The application judge found that Perfect Smile breached its contractual duty of good faith, as enunciated in Bhasin v Hrynew, 2014 SCC 71, by failing to negotiate in good faith. He found that Hazelton could claim damages as a consequence of the contractual breach, but Hazelton had not suffered any loss. With respect to MC, the application judge concluded he also breached a duty of good faith owed to Hazelton, but that Hazelton suffered no economic loss. Hazelton was not found to be in default under the lease. However, the application judge refused declaratory relief and declined to order that an arbitrator be appointed.

issues:

(1) Does the Ontario Court of Appeal have jurisdiction to hear this appeal? 

(2) Does Hazelton have a right of renewal if it entered into a sublease agreement with a third party where it failed to reserve the last day of the head lease for itself?

(3) Did Hazelton breach the lease with Perfect Smile by completing substantial renovations?

holding:

Appeal allowed.

reasoning:

(1) Yes. Pursuant to s. 6(2) of the Courts of Justice Act, the Ontario Court of Appeal retains the discretion to combine and hear all the issues raised on this appeal.

(2) Yes. A party may demonstrate that, notwithstanding a failure to reserve the last day of the head lease term, an assignment was not intended by the parties. Courts should be permitted to consider the objective intentions of the parties to a purported sublease in order to determine the nature of the impact on the subletting party vis-à-vis its rights under the head lease. Commercial leases are not only a conveyance, but also a contract.

Critical to the analysis in this case is the distinction between an assignment of a lease and a sublease. When a lease is assigned to a third party, the third party assignee becomes the tenant of the landlord and a privity of estate is established between the two. When the lease is assigned, the landlord’s privity of estate with the original tenant comes to an end, but the privity of contract remains: Crystalline Investments Ltd v Domgroup Ltd. In contrast, a sublease creates no direct relationship between the subtenant and the landlord – there is neither privity of estate nor privity of contract between them. Rather, the head tenant stands in the position of landlord vis-à-vis the subtenant, while retaining its position as tenant vis-à-vis the original landlord.
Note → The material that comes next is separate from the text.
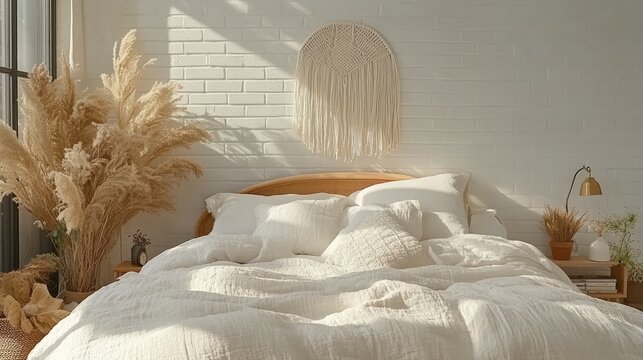 This boho-style bedroom features a stylish bed adorned with pillows and blankets, complemented by natural light, soft colors, and decorative macrame for a cozy vibe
Section 3 of the Commercial Tenancies Act (“CTA”) directly impacts the long line of case law dating back hundreds of years, which holds that a sublease of the head lease operates as an assignment because there is no reversionary interest in the original tenant to support a tenurial relationship. On its face, s. 3 stipulates that the relation of landlord and tenant does not depend on tenure; a reversion in the lessor is not necessary in order to create the relation of landlord and tenant; a reversion in the lessor is not necessary in order to make applicable the incidents by law belonging to the landlord-tenant relation; and an agreement is not necessary in order to give a landlord a right of distress.

However, s. 3 does not mean that a landlord and tenant relationship is always established between the purported sublessor and subtenant regardless of whether there is a reversionary interest. This interpretation would be contrary to other provisions of the CTA, and the distinction between subleases and assignments would be lost. Rather, there must be sufficient evidence to show that the objective intention of the parties, as reflected in the sublease, was not to create an assignment.

The parties in this case clearly understood that Hazelton had a right to renew the lease and that Hazelton was not obliged to renew on behalf of Outhere. Further, Hazelton made clear in the sublease agreement that Outhere has no right to renew and that its rights under the sublease expire at the end of the term. The sublease provided sufficient evidence that the parties did not intend an assignment. Given the objective intention of the parties and s. 3 of the CTA, the agreement between Hazelton and Outhere was a sublease and not an assignment.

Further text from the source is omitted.